Dataset records START
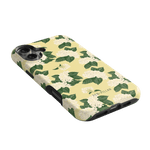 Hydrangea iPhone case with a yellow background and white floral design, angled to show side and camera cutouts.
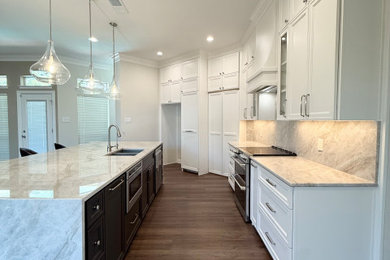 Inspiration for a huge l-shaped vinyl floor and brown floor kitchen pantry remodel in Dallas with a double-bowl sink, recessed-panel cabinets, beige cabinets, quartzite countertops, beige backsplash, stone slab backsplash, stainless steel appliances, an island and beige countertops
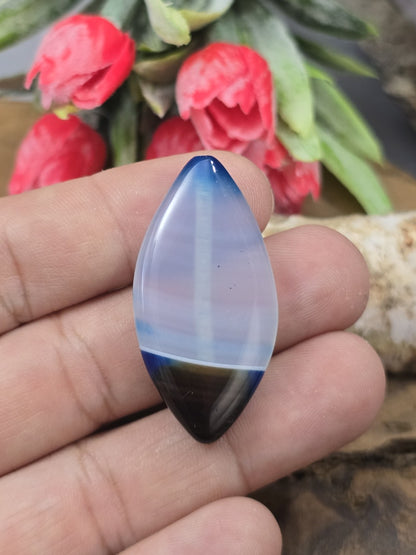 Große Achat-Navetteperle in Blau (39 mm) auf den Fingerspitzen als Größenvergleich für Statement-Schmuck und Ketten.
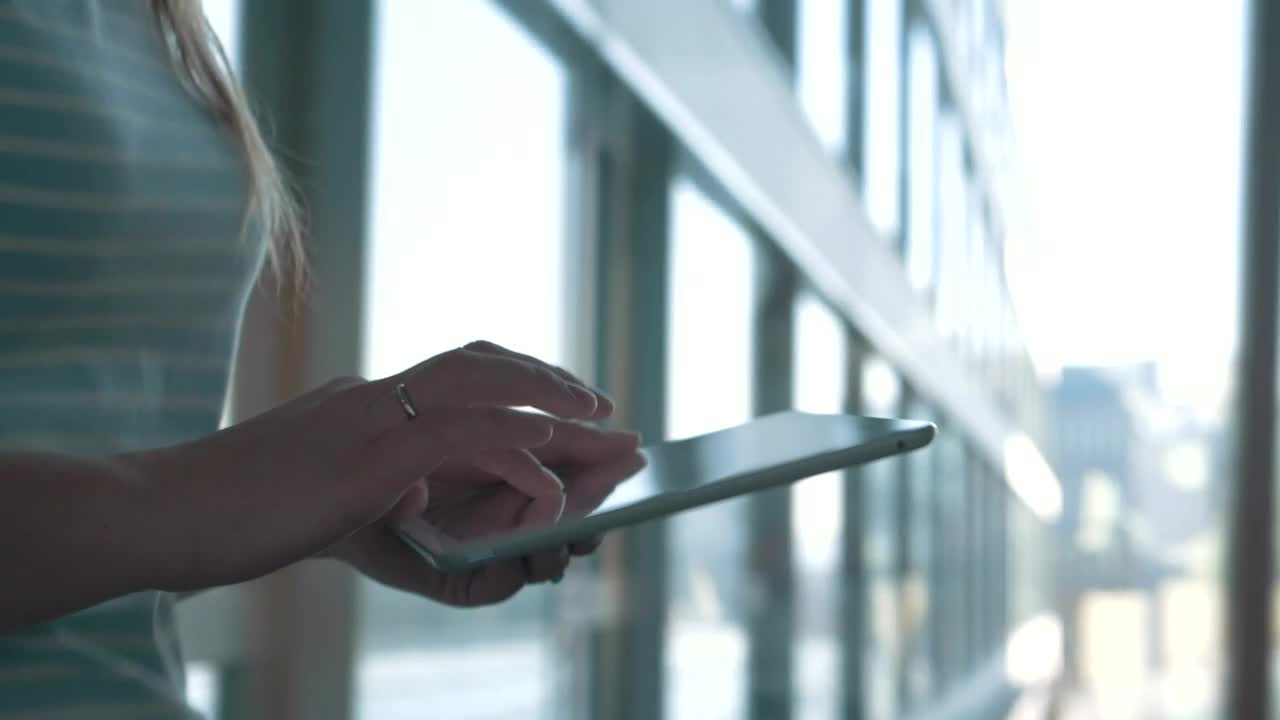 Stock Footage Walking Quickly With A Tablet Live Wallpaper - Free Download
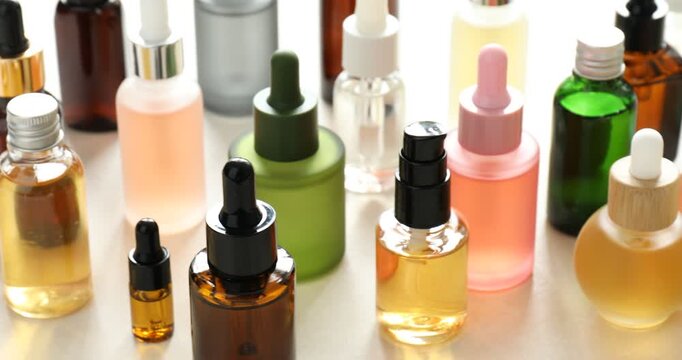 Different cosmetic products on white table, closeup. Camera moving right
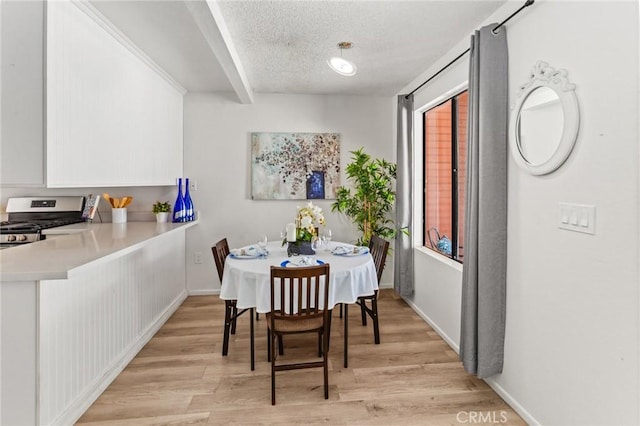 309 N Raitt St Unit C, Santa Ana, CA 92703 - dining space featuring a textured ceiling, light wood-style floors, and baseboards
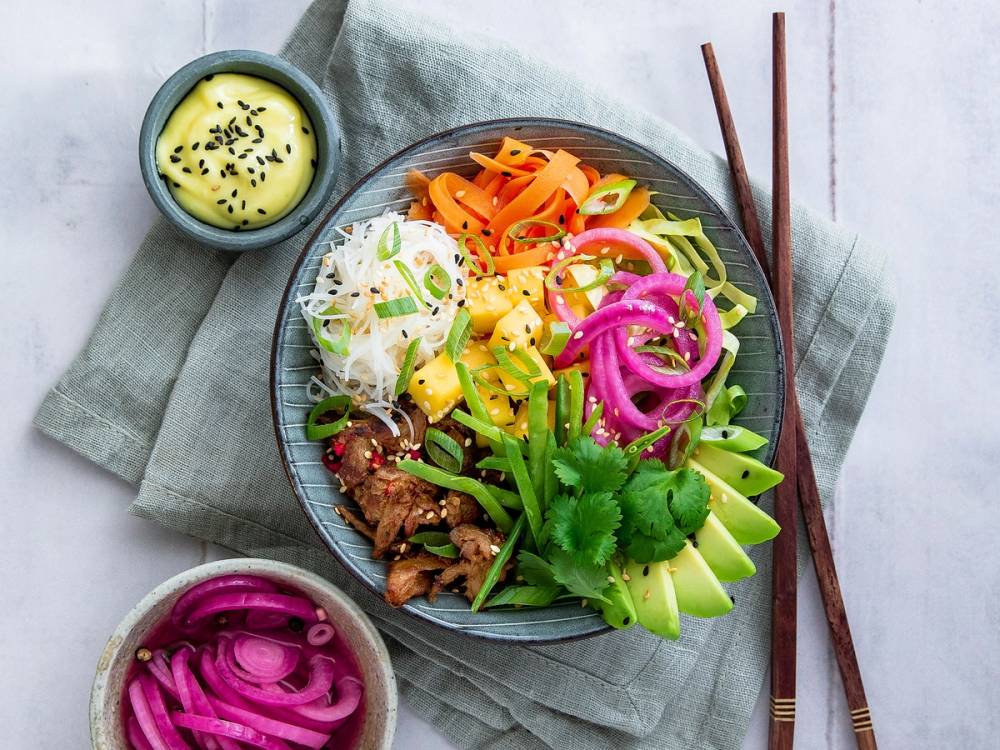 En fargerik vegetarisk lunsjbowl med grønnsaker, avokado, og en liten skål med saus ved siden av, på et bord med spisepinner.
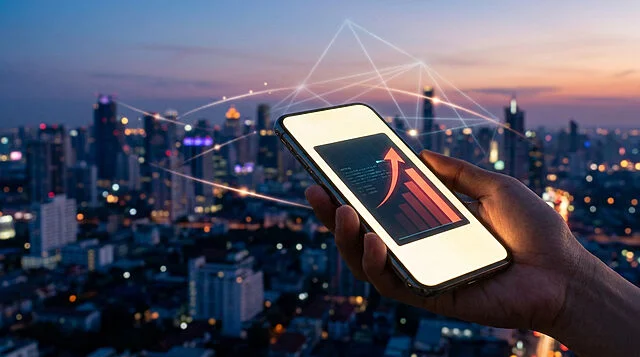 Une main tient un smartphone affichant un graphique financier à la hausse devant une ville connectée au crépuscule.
Dataset records END
* What the task asks
A faithful copy of the data above is wanted, with every image left out.

* Reply
 Hydrangea iPhone case with a yellow background and white floral design, angled to show side and camera cutouts.
 Inspiration for a huge l-shaped vinyl floor and brown floor kitchen pantry remodel in Dallas with a double-bowl sink, recessed-panel cabinets, beige cabinets, quartzite countertops, beige backsplash, stone slab backsplash, stainless steel appliances, an island and beige countertops
 Große Achat-Navetteperle in Blau (39 mm) auf den Fingerspitzen als Größenvergleich für Statement-Schmuck und Ketten.
 Stock Footage Walking Quickly With A Tablet Live Wallpaper - Free Download
 Different cosmetic products on white table, closeup. Camera moving right
 309 N Raitt St Unit C, Santa Ana, CA 92703 - dining space featuring a textured ceiling, light wood-style floors, and baseboards
 En fargerik vegetarisk lunsjbowl med grønnsaker, avokado, og en liten skål med saus ved siden av, på et bord med spisepinner.
 Une main tient un smartphone affichant un graphique financier à la hausse devant une ville connectée au crépuscule.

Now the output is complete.